**** Material shown

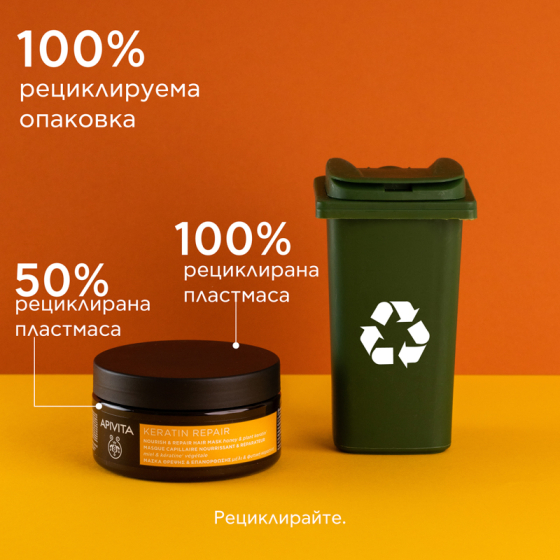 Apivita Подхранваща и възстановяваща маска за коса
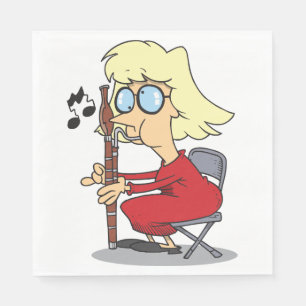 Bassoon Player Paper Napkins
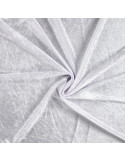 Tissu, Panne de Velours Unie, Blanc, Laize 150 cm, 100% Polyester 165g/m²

********
**** Material shown

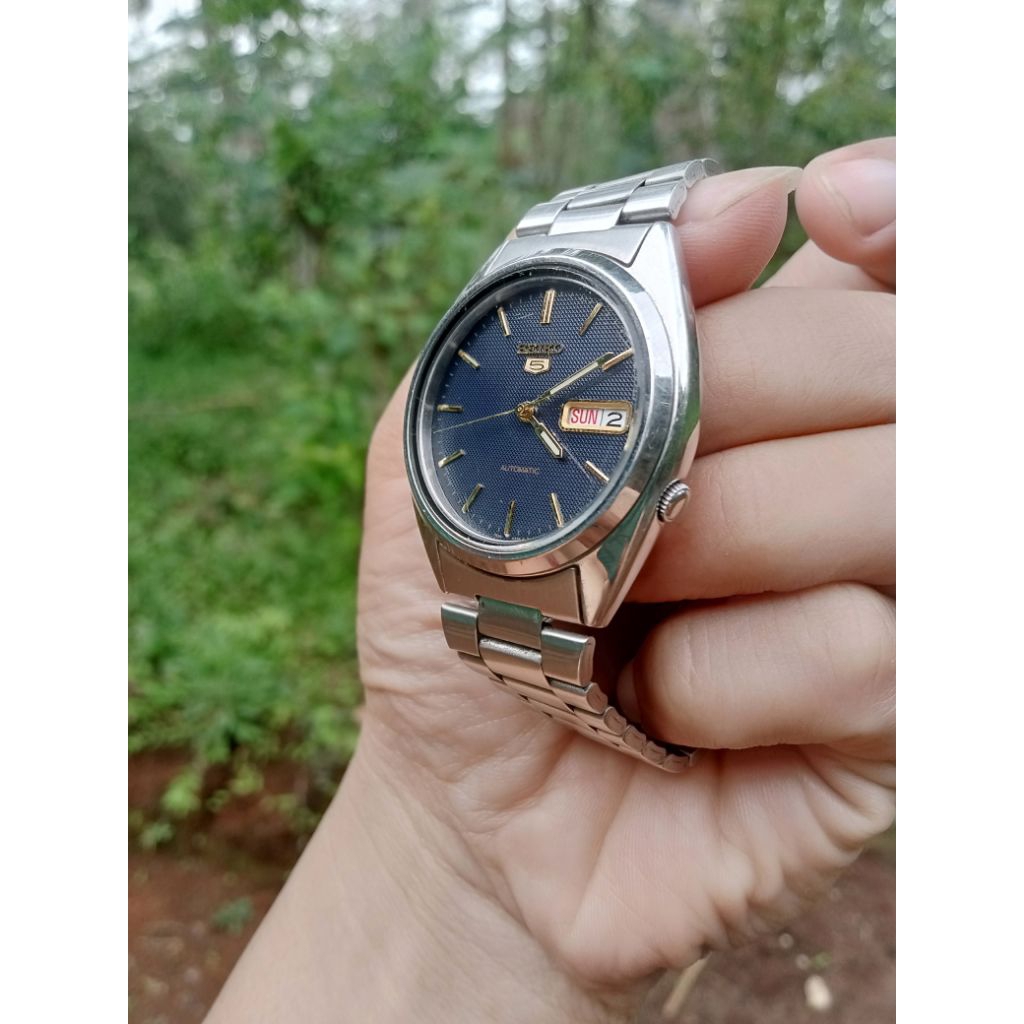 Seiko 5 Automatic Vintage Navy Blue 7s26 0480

********

Exercise aim: In the listing above, find the line with "Apivita Подхранваща и" and the line with "Tissu, Panne de". Copy exactly those two and every line between, without the pictures.

The completed task:
 Apivita Подхранваща и възстановяваща маска за коса
 Bassoon Player Paper Napkins
 Tissu, Panne de Velours Unie, Blanc, Laize 150 cm, 100% Polyester 165g/m²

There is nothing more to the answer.